The difference between analysis and assumptions have to do with:
what IS and has been and is able to be examined (past and present hard data) and
what computer projections and predictions speculate MIGHT be (in the future).
“Changing winds appear to explain a very large fraction of the warming from year to year, decade to decade and the long-term,” said study leader James Johnstone, an independent climatologist who did most of the work when he was at the University of Washington’s Joint Institute for the Study of the Atmosphere and Ocean.
The other two scientific groups involved per the headline callout are:
– the National Oceanic and Atmospheric Administration and
– the Proceedings of the National Academy of Sciences (which published the study).

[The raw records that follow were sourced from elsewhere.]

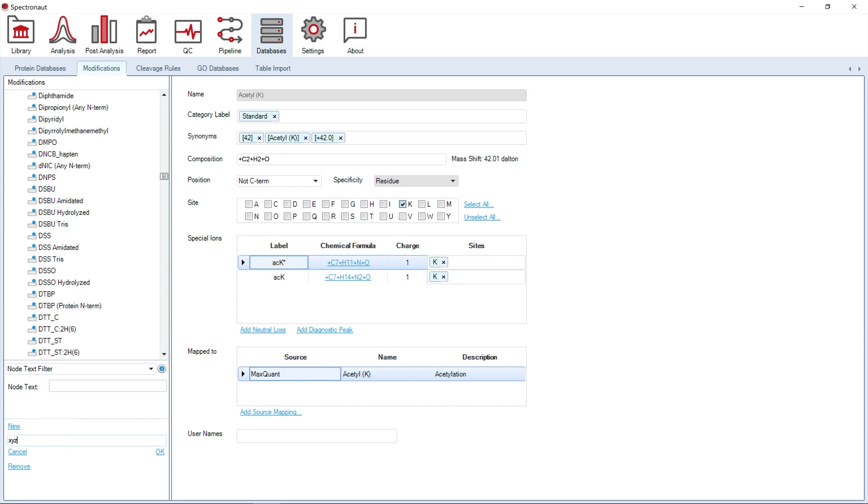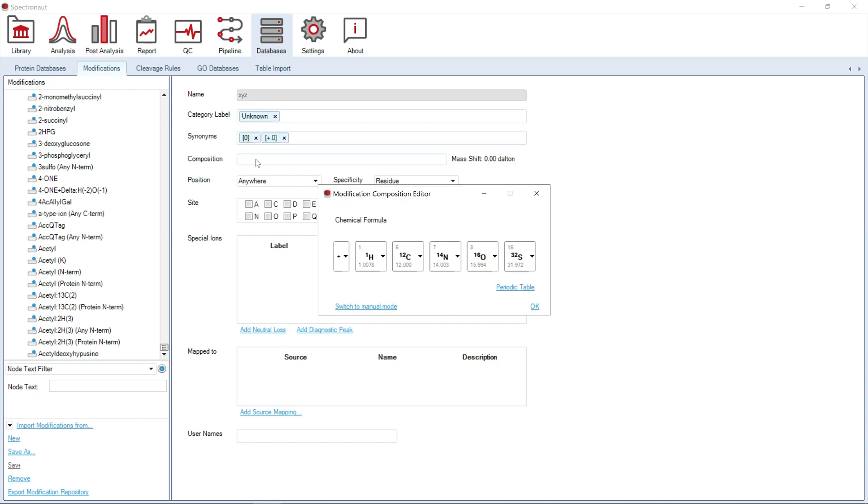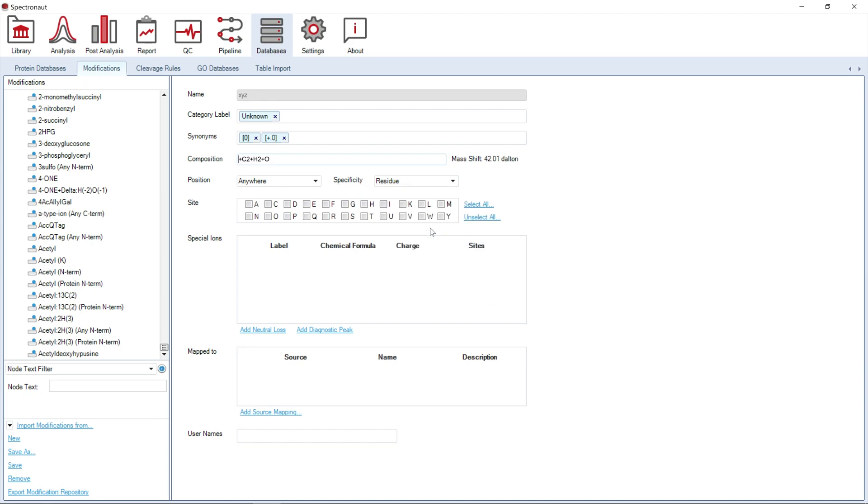To do that, simply select the new modification option, give it a name, and specify the chemical formula of the modification and amino acid residues that this modification applies to.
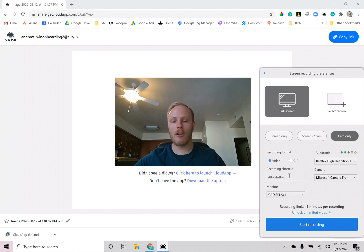Here you'll also be able to see and change the recording shortcut that you use. Just click on the box to change it.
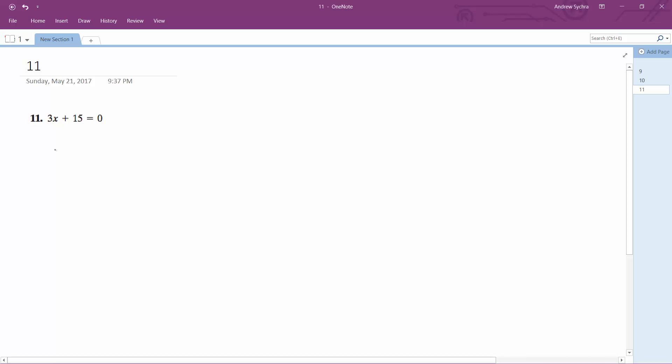So what we do first is, since x has a coefficient in front of it, we need to get the x terms by themselves. We're going to subtract both sides by 15.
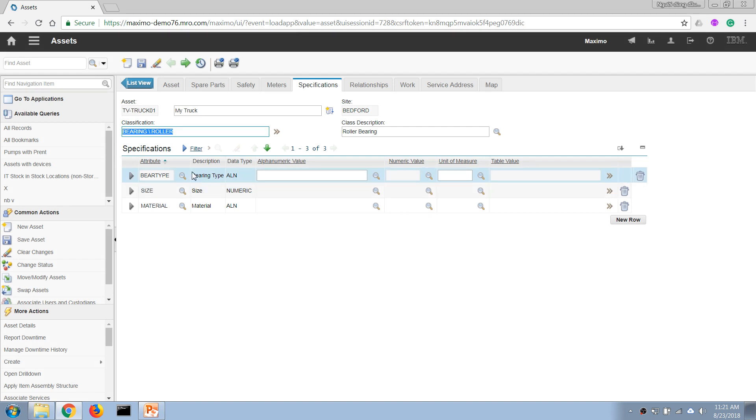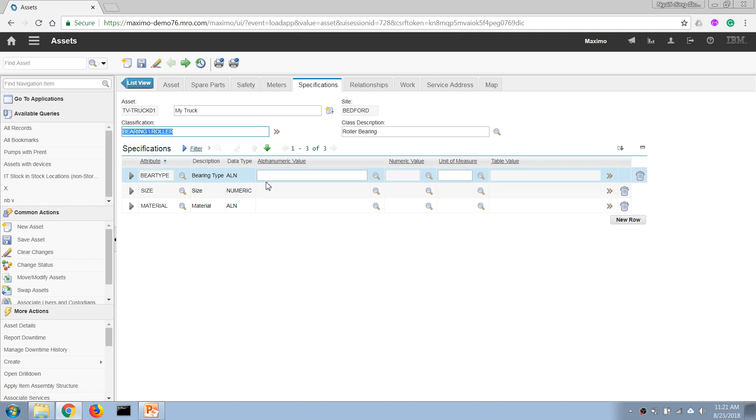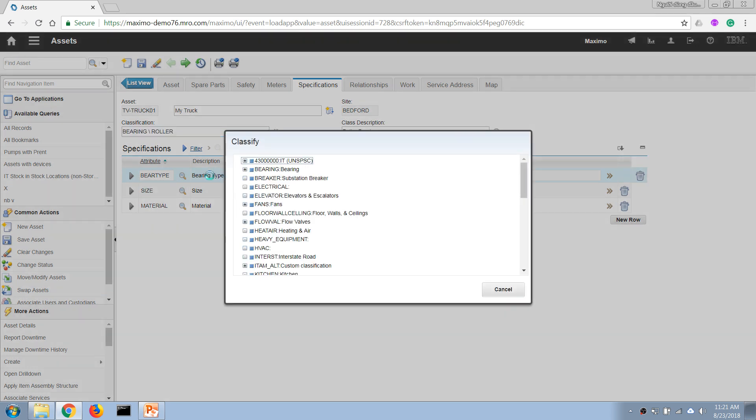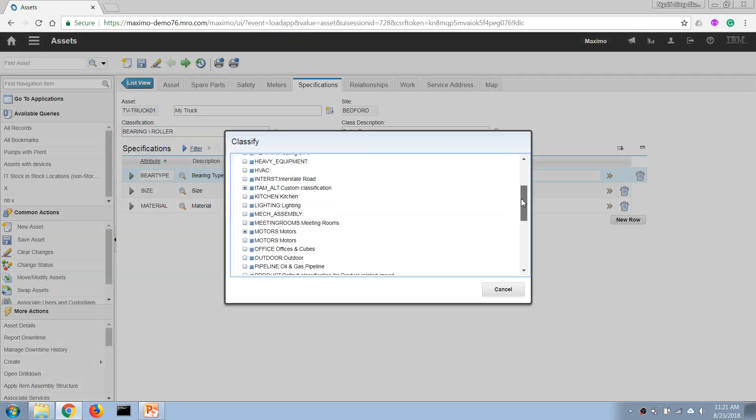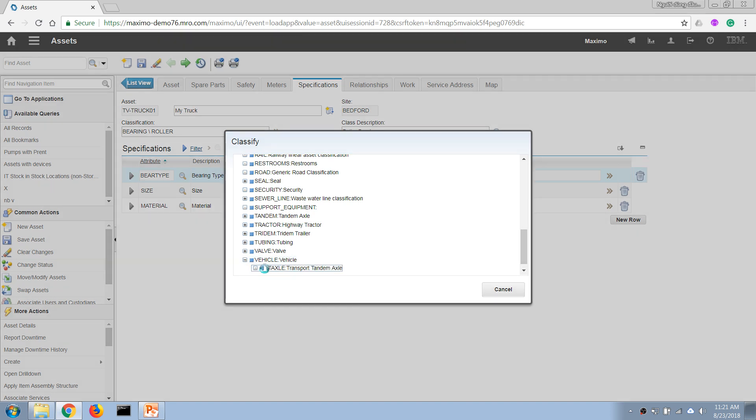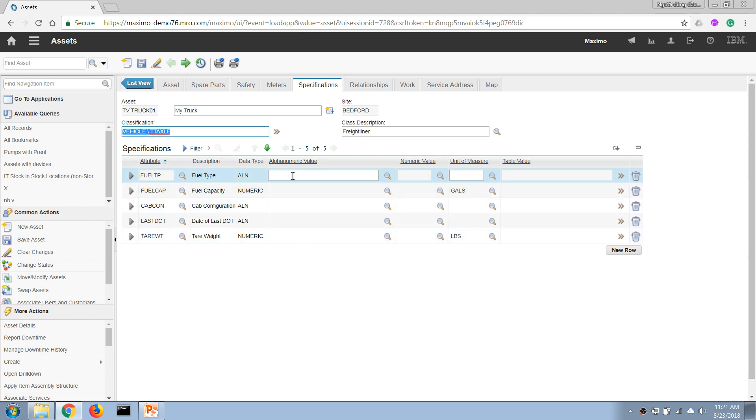Then a list of technical specification attributes will come up for us to enter the data. But if we choose a different class, we will have a different set of attributes that we can enter. Let's say we say this is a vehicle - then we have a different set of attributes and we can enter the technical specs of this asset.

If global warming had been the most powerful influence on land and sea temperatures, those temperatures would have been different, the study’s authors said.
Most of the warming in the region occurred before 1940, :eek:
when greenhouse gas concentrations were lower and winds were weaker,:eek: the study found.
In contrast, winds have strengthened since 1980 and coastal ocean cooled, :winter: even as the rise in greenhouse gases has accelerated. :hmmm:
Side note: Around 1940 there was a tremendous increase in marching around the globe.
It is hard to prove that the marching is what stopped the pre-1940 warming trend - and of course the marching done then was with other goals in mind - still. There is at least the coincidence.